The Carlyle Group and Goldman Sachs have begun to market a CLO of leveraged loans that is designed to take advantage of loans trading at distressed prices. Unlike several recent deals and most of the other CLOs in the 2008 pipeline, the transaction is not made up of broken warehouse assets from the arrangers’ balance sheets: rather Carlyle and Goldman have sourced the loans from the secondary market.
The transaction is conspicuous by its sheer size. At €2bn, it is more than six times that of a traditionally managed European CLO. This granularity should give it extra investor appeal. Below the €1.47bn Triple A (Moody’s and S&P) piece there is a full capital structure that is rated down to B3/B– and an equity slice of 8% of the deal size.
Finding a home for that amount of paper, no matter what the price, will be a challenge. The Triple A piece is being marketed at the six-month Euribor plus 85bp area, which on a discount margin basis suggests an appealing plus 150bp for what is a comparatively short four-year WAL. This contrasts with normal CLOs, where the WAL is typically twice as long.
The €85m Aa/2/AA rated B class is talked of at the plus 225bp area and plus 250bp on a DM basis. Price talk on the €90m A3/A– piece is at the plus 325bp area (DM +525bp), that for the €70m Baa3/BBB– piece is at the plus 450bp area (DM +750bp area), the €50m Ba3/BB– piece is likely at the plus 650bp area (DM +1100bp area) and the €80m B3/B– piece is likely to arrive at the +1,000bp area (DM +1,500bp area). All these pieces have a five-year WAL.
Given very limited demand for these junior pieces, it is possible that Goldman may be obliged to retain and delta-hedge them away, as it did on an earlier synthetic CLO it did with Carlyle.
On the face of it, the economics of the deal make a lot of sense. At current levels, loan market prices imply average European defaults in excess of 8%, which is well above Moody’s 2009 prediction of a rise to a little over 3%. This effectively means the transaction is positioned to buy very sound credits at today’s extremely attractive prices.
Furthermore, because many of the loans are thought to have been ramped into the CLO at 92 cents on the euro or lower, the 8% unrated equity piece is essentially free.
“These are money-good loans so there is a good argument they could trade up to 96 in a relatively short period,” a banker away from the deal speculated. “That means the deal will deliver the usual Libor plus 300bp return – but it could well see an extra four to six points of return on top of that.” He went on to suggest that the transaction might feature a call within three years.
Once news of the deal broke, Carlyle was approached with many loan offers, but it responded that it was no longer interested in buying assets. This has led some to conclude that the transaction is now close to fully ramped, adding to the impression that it has taken full advantage of today’s historically cheap loan levels.

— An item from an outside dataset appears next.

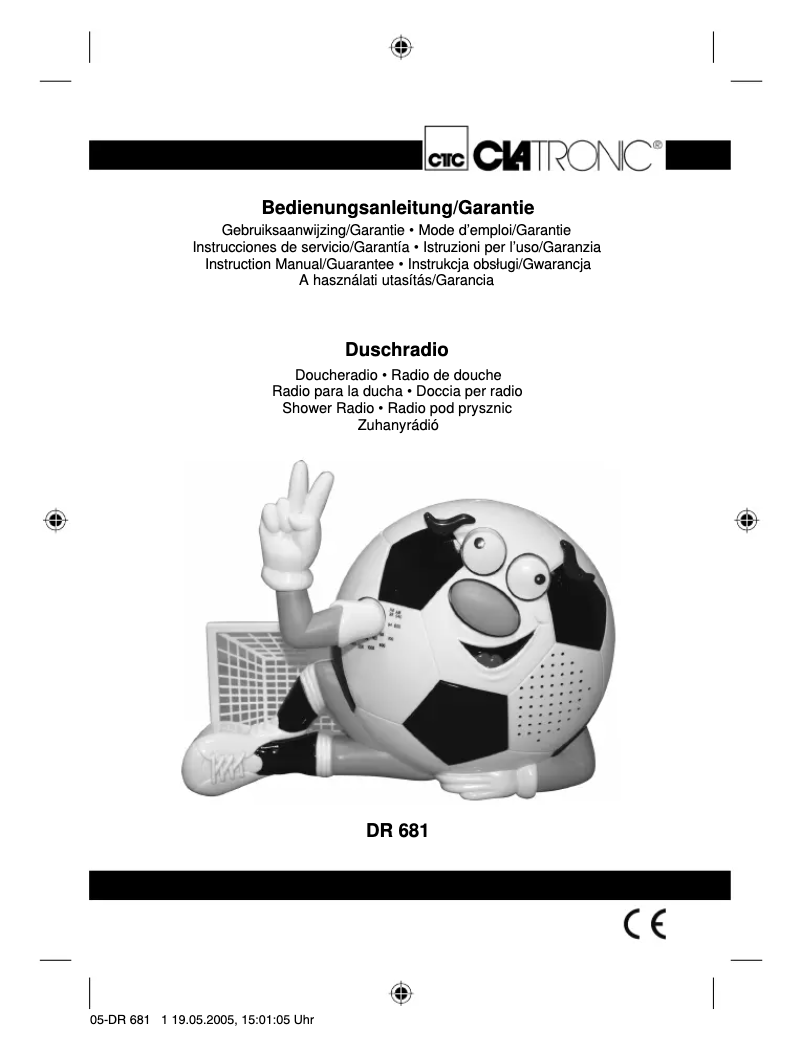 Página 1 del manual Manual de usuario Clatronic DR 681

Moreover, there is talk that Goldman was one of the main protagonists in helping trigger secondary loan market weakness. Bankers say that weakness had initially been exacerbated by stop-loss selling, as triggers were hit on market value CLOs and, more importantly, by triggers being hit on total return swap-based funds. As the LevX senior traded toward the 90 area, these funds were widely said to have faced mounting margin calls.
While bankers were ready to applaud Goldman and Carlyle for what they deemed a clever trade, some said that the fact that Goldman hadn’t already priced the deal suggested it had not yet lined up all the Triple A investors.
And having seemingly been behind the selling that caused many investors and managers so much angst, Goldman’s ability to distribute to those same clients could be compromised. “They’re not a franchise business – shorting the loan market is not good for clients who buy your loans,” a rival banker said.